Uiteindelijk kan het een vicieuze cirkel worden. Indien het onmogelijk is om iets in de vagina in te brengen, gaan we te werk met een vrees- en vermijdingsmodel. Bij toenadering van de penis treedt er een negatieve gedachtegang op, die ervoor zorgt dat je angst voor penetratie of angst voor de pijn gaat ervaren. Er ontstaat een verhoogde waakzaamheid en het gevolg hiervan is dat de bekkenbodemspieren gaan opspannen. Daarnaast kan de angst voor penetratie of mogelijke pijn, zelfs als je nog geen pijn ervoer, leiden tot vermijding van seksualiteit en soms ook tot het aangaan van (seksuele) partnerrelaties. Als vrouwen pijn ervaren, proberen we de vicieuze pijncirkel te doorbreken. Pijn of de herinnering aan pijn veroorzaakt een angst voor pijn, wat een invloed kan hebben op je mentale en lichamelijke opwinding. Vrouwen kunnen hierdoor minder vochtig worden, de bekkenbodemspieren kunnen zich opspannen en door mechanische wrijving leidt dit opnieuw tot pijn. Glijmiddel kan daarin helpen, maar is niet de oplossing. Je lichaam geeft aan dat het eigenlijk niet opgewonden genoeg is om penetratie mogelijk te maken, ondanks het glijmiddel. In de menopauze kan het echter dat vrouwen last krijgen van vaginale droogte, maar ook dan zoeken we samen naar duurzame oplossingen.’
Kan je vaginisme behandelen?
‘Penetratie blijft voor sommige vrouwen moeilijk. De klachten kan je verhelpen, maar niet bij iedereen. Hen erkenning geven en hen vertellen dat ze niet alleen zijn, kan al veel doen. Een behandeling beginnen we met een seksuele anamnese om alles in kaart te brengen. We geven algemene en seksuele psycho-educatie. Daarnaast proberen we seksualiteit positief te benaderen. We verbreden het beeld ervan en bekijken dan of vaginale penetratie een hulpvraag blijft.’
‘We gaan ons richten op de beleving, de gevoelens, wensen en grenzen van de vrouw en haar partner, indien aanwezig. We hebben aandacht voor hoe ze hier reeds mee omgaat of omgaan en zoeken samen een weg naar een positieve seksualiteitsbeleving.
‘Goede seks kan ook zonder penetratie’
‘Daarnaast kunnen we ook met cognitieve gedragstherapie werken aan seksualiteit, bijvoorbeeld door stapsgewijze exposure. We laten de vrouwen contact maken met hun eigen lichaam, bijvoorbeeld door met een spiegel naar hun vulva te kijken of zichzelf zacht aan te raken met hun vingers of hand.
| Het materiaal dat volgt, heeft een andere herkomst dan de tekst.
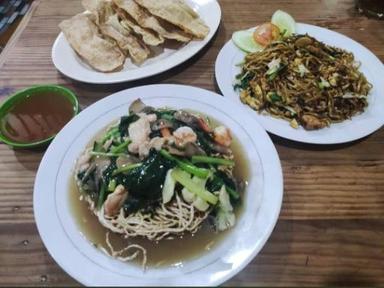 https://dgji3nicqfspr.cloudfront.net/CIPAYUNG/Restaurant/Bakmi_Pondok__Karsono/Reviews/thumbnail/IMG_Review_1718164593038_compressed5063211720789581070-17D8259843D4B969-thumb_1718164594004.jpg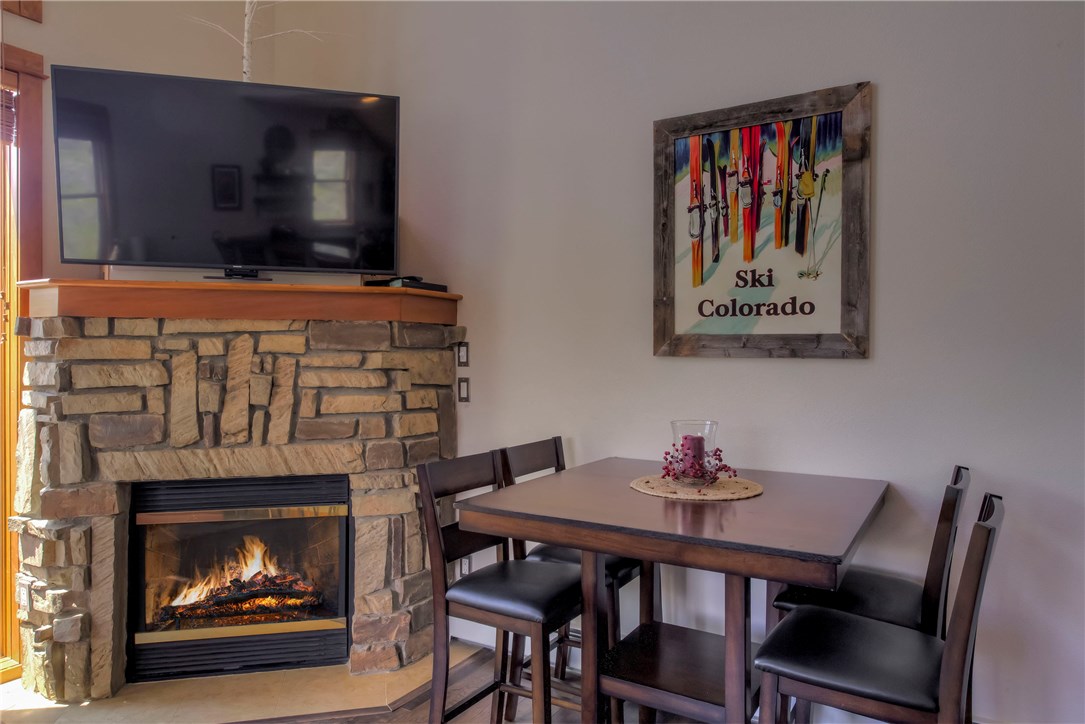75 Antler Gulch Road, Unit 405 Keystone, CO 80435 - Photo 9 of 30 Gas fireplace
Dat bouwen we op door individuele en/of partneroefeningen mee te geven voor thuis, gericht op stapsgewijze vaginale dilatatie (verwijding). Dat kan met behulp van vaginale pelottes, plastieken of siliconen staafjes die in lengte en diameter toenemen, en/of met de eigen vinger of de vinger van de partner. Tijdens de gesprekken hebben we dan aandacht voor de beleving hiervan. Als er vraag naar is, bouwen we verder op tot penetratie met de penis. Eerst door bijvoorbeeld te kijken hoe het voelt om de penis in de buurt van de vagina te brengen. Voor de stapsgewijze exposure werken we ook samen met de bekkenbodemtherapeut.’